Data shown Block Start

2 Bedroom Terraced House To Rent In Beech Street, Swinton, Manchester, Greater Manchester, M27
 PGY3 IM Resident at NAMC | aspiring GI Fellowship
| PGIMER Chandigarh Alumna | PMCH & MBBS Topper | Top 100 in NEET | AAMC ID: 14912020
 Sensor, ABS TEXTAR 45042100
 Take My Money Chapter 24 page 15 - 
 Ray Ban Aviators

Data shown Block End

* [What to work on]: Go to the line holding "AAMC ID: 14912020" in the entries above and return it, along with every line after it, exactly as written.

* [Exercise answer]:
| PGIMER Chandigarh Alumna | PMCH & MBBS Topper | Top 100 in NEET | AAMC ID: 14912020
 Sensor, ABS TEXTAR 45042100
 Take My Money Chapter 24 page 15 - 
 Ray Ban Aviators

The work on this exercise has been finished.